Chief Justice David Maraga arrives for the hearing of the presidential election petition at the Supreme Court after Uhuru Kenyatta was declared winner in the October 26, 2017 elections, Nairobi, November 16, 2017. Photo/COURTESY
Focus will today be on Chief Justice David Maraga as Kenyans wait to see if the Supreme Court will uphold the reelection of President Uhuru Kenyatta or nullify it for a second time.
Will the Supreme Court deliver a unanimous decision? Will it be a tie or will there be a dissenting opinion once again, where the majority either for or against Uhuru’s election will carry the day?
Should the six judges, who heard the case tie and give a three-three verdict, then Uhuru will carry the day and he will be sworn into office on November 28.
The six are Maraga, Deputy Chief Justice Philomena Mwilu, and justices Jackton Ojwang, Smokin Wanjala, Njoki Ndung’u and Isaac Lenaola.

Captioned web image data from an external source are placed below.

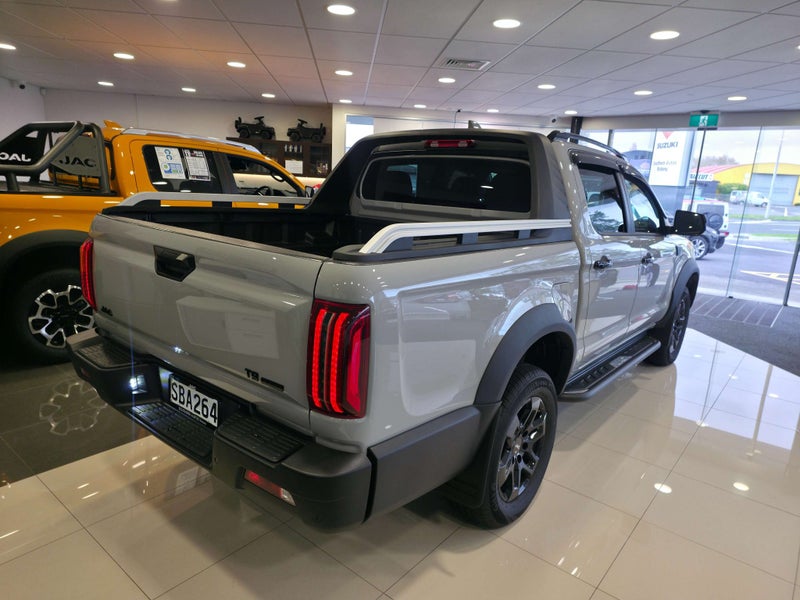 2026 JAC T9 PHEV AWD 2.0 TGDI image 4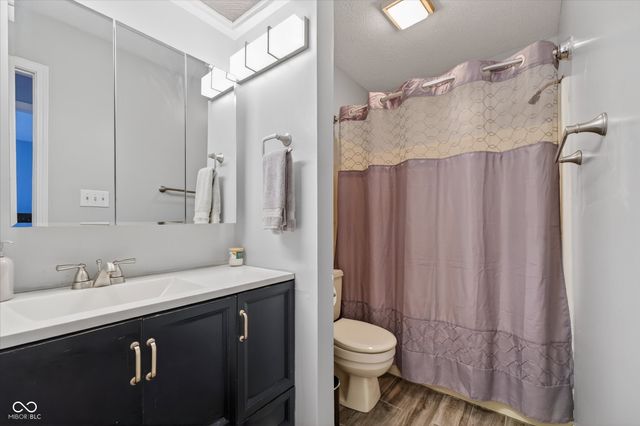 6131 Apache Drive, Indianapolis, IN 46254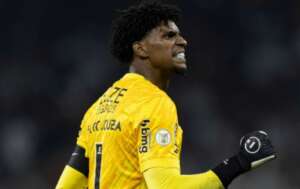 Corinthians paga multa ao Flamengo por usar Hugo Souza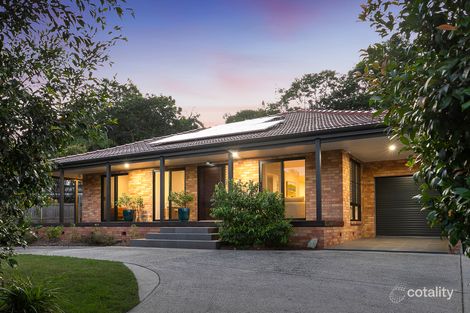 Property photo of 33 Coomburra Crescent Ocean Shores NSW 2483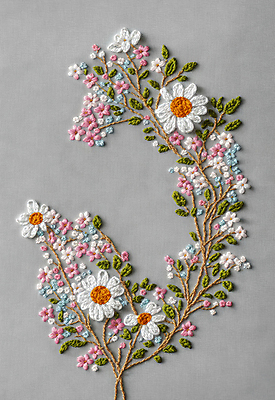 JPG 스튜디오촬영 편집이미지 꽃 나뭇잎 사람없음 실 자수 수공예 편집실사 AI포토 AI콘텐츠 식물 잎 실내 공예 CG 파일형식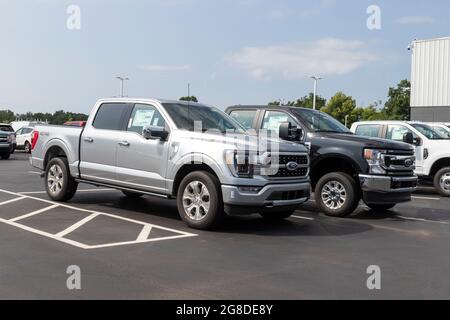 Plainfield - ca. Juli 2021: Ford F-150 und F-250 auf dem Display in einem Händler. Ford F-Series Pickup Trucks sind die meistverkauften Modelle in den USA. Stockfoto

They retreated on Thursday night with voluminous and lengthy submissions to come up with a verdict that will chart the country’s destiny and probably end months of speculations and political anxiety.
In his closing remarks, Uhuru urged the judges to dismiss the petition, saying there is zero basis to send Kenyans to another election.
Through his legal team, led by lawyer Fred Ngatia, the President accused the opposition of sponsoring “proxies” to challenge his well-deserved win after boycotting the October 26 poll.
His message to the court was “return the country to the Kenyan people” and rule for the “common good of the nation”.
But activists Njonjo Mue and Khelef Khalifa, through lawyers Julie Soweto and Harun Ndubi, told the judges not to fear nullifying Uhuru’s win for a second time as long as they uphold the rule of law and the Constitution.
Soweto said nullifying the “illegal election” will be “shutting the door unto darkness”.
The key issues the judges will look at include the question of nominations.
The electoral agency told the court it was guided by the Supreme Court’s decision of September 1, directing it to hold a repeat presidential election within 60 days.
The judges will also look at whether the election boycott in some regions affected the outcome of the presidential poll.
If the judges, either by majority or unanimously decide to invalidate Uhuru’s win, they will order a repeat election for a second time. The judges may also decide to dismiss the case.